Wednesday, November 2, 2011

Eucharist

Continuing our study of liturgical theology and the Eucharist, here are several more insights that flooded my mind with light and warmed my heart, the seat of my faith.

1. In Christian worship, and especially the celebration of the sacraments, it is first of all Christ who shares with us, not we who share with God. We can offer only what we have received first from God in Christ. Through its celebration of the Eucharist, the Church does what Jesus did, but it must be kept in mind that Jesus Christ has done and is doing the work of God before any human initiative.

2. From the account of the Last Supper in the Gospel of Matthew, which is an elaboration and development of the account in Mark's Gospel, we learn that early Christian communities recognized the Eucharist as itself the principal sacrament of the forgiveness of sins. The Church knew and affirmed this before there even was a distinct sacrament of reconciliation. In truth, all the sacraments of the Church contain God's power of forgiveness, because all the sacraments convey grace.

3. In the beginning of the Church, Eucharist was not celebrated daily in the morning. Rather, it was celebrated on the evening of the first day of the week, the day of Resurrection: the Lord's Day, that is, Sunday. This was in accordance with Scripture accounts of the appearances of the risen Christ. Also, these celebrations were held in believers' households, as at this time there were no special buildings to gather assemblies for public worship.

4. The presiders at these ancient eucharistic celebrations were the apostles and first disciples themselves, as well as missionary preachers and travelling prophets. But mainly the heads of households were themselves the presiders, and they were both men and women. There were no cultic priests at this time. Jesus Christ was seen as the sole "high priest" of believers' worship, because he had offered himself as the once-for-all sacrifice. Furthermore, the Christian community itself was identified as a priestly people, that is to say, a holy people set apart to inherit the kingdom of heaven promised by God and inaugurated by Jesus.

5. Only later, as a concern for order brought about the hierarchical church and the charismatic church faded away, did the offices of bishop, presbyter, and deacon evolve and the cultic priesthood emerge. Over time, the office of bishop became spiritualized. Drawing upon the ancient Israelite cultic priesthood of service and sacrifice under the covenants God made with Abraham, Moses, and David, these leaders figured themselves as priests of the New Covenant sealed by the blood of Jesus Christ.
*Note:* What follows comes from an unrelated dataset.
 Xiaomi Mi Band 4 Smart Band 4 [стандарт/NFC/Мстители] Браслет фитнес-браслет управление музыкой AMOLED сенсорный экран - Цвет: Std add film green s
6. As the cultic priesthood developed, the meaning of Eucharist evolved from that of gift to offering, then oblation, and ultimately sacrifice. By analogy, the table of fellowship became the altar, and bread and wine became the real presence of the body and blood of Christ. The bishop-priest saw himself as offering the sacrifice of the high priest Jesus. And, along the way, the people stopped taking communion; rather, they attended the sacrifice of the Mass. Adoration of Christ present in the reserved sacrament superseded the act of receiving Christ in the bread and wine. Eucharist had ceased to be an interactive and transformative encounter with the living God.

7. In the late 19th and early 20th centuries, biblical scholarship on the historical Jesus revealed the history of the early Church and awakened a desire among Catholics to have Eucharist as the early Church had done. The liturgical movement was born, leading to a reform of the entire sacramental system, beginning with Easter and Holy Week celebrations. By mid-century and the Second Vatican Council, the Church came to understand that worship is the central act of Christian life and that because of this, the liturgy had to be renewed. More than this, however, the renewal had to restore to all the baptized faithful their proper role in worship.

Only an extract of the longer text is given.